Effect of curcumin and its stable analogs on growth of H. pylori and intracellular accumulation of bicyclopentadione (BCP) in H. pylori, E. coli, and Citrobacter rodentium (A) H pylori was grown in the absence or presence of curcumin, dimethyl-, acetal-, or diacetal-curcumin, and growth was determined by measuring optical density. (B) Intracellular accumulation of curcumin and BCP in H. pylori. (C) After 24hr treatment the ratio of accumulation of curcumin and BCP in E. coli, Citrobacter rodentium (Citro), and H. pylori (Hp). ^§§P ≤ 0.01.

Figure 5

Curcumin prevents cagA phosphorylation. (A) Gastric epithelial cells were infected with H. pylori strains PZ5056G or PMSS1 in the absence or presence of Meriva (20 μM). CagA and phospho-CagA were determined by Western blotting using β-actin as loading control. Representative results from three independent experiments are shown. (B) Mouse stomach glands were isolated and plated in matrigel in the presence of growth factors. H. pylori was grown for 6 h with or without Meriva, harvested, and microinjected into the lumen of the gastroids. Infected gastroids were cultured and stained using an anti-phospho-cSrc antibody followed by Alexa Fluor 488-conjugated anti-rabbit IgG antibody (green). Nuclei were stained with DAPI (blue). (C) Western blot analysis of c-Src phosphorylation in stomach organ cultures used in panel (B). (D) Q-PCR analysis (% fold change) of the expression of the genes encoding for the Cag proteins A, F, T, Y, L, N, Z, M, D, and E in H. pylori (Shaffer et al., 2011; Frick-Cheng et al., 2016) treated with different concentrations of Meriva. *P ≤ 0.05; **P ≤ 0.01.

Figure 6

Inhibition of phosphorylation of cagA and Src requires oxidative transformation of curcumin. (A) Western blot analysis of CagA and Src phosphorylation in gastric epithelial cells upon infection with H. pylori treated with curcumin or its stable analogs acetal-curcumin (ACurc) and diacetalcurcumin (DCurc). The blot was probed with anti-phosphoCagA (top) or anti-phosphoSrc antibody (below), and β actin was used as loading control.
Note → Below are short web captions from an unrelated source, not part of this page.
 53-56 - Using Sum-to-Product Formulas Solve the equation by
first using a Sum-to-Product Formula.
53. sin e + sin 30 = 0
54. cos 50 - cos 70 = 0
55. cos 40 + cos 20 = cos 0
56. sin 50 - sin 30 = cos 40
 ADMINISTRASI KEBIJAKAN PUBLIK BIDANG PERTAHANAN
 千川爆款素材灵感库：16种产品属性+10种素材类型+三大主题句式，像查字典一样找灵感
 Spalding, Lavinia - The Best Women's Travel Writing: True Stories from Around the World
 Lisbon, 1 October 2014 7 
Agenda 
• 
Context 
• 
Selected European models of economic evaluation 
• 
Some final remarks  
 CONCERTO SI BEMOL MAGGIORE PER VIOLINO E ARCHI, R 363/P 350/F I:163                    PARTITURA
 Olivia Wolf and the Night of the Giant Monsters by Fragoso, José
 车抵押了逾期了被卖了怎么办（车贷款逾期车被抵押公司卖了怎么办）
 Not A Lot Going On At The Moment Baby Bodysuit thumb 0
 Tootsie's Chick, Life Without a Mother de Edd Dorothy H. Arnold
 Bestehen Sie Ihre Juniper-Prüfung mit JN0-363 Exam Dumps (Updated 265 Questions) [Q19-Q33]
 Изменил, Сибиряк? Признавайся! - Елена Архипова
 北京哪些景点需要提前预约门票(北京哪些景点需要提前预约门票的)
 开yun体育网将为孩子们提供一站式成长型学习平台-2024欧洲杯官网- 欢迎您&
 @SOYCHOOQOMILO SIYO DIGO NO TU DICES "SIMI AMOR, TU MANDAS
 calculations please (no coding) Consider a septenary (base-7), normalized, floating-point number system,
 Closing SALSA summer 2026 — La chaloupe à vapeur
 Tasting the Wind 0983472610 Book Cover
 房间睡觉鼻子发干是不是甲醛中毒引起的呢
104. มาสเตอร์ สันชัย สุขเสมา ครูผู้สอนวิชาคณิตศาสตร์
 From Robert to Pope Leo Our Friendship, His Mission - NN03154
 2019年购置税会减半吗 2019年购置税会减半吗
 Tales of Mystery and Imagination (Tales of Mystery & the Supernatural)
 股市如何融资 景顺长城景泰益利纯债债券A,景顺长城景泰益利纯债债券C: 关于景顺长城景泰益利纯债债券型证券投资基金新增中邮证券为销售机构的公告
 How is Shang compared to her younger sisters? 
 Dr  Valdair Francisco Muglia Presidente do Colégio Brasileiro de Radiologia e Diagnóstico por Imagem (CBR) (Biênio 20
Representative results from three independent experiments are shown. (B, C) Quantification of Western blotting results described in (A). (D) Quantification of CXCL8 mRNA level in gastric tissue after infection with H. pylori treated with curcumin and its stable analogs. ***P ≤ 0.001, ^§§§P ≤ 0.001.

Figure 7

H. pylori output strains isolated from dietary curcumin-treated mice induce attenuated host response. (A) Western blot analysis of cSrc phosphorylation in AGS cells treated with H. pylori isolated from mice fed control chow (vehicle) or chow containing 1% Meriva. H. pylori-infected mice fed with chow containing 1% Meriva for 4 weeks shows attenuation of phosphorylation of c-Src. (B) Quantification of p-Src/cSrc in the Western blot samples in (A) showing attenuation. (C) Quantification of CXCL8 mRNA when co-cultured with AGS cells showing reduced level. (D) CFU per gram of tissue showing no colonization. ***P ≤ 0.001, ^§§§P ≤ 0.001.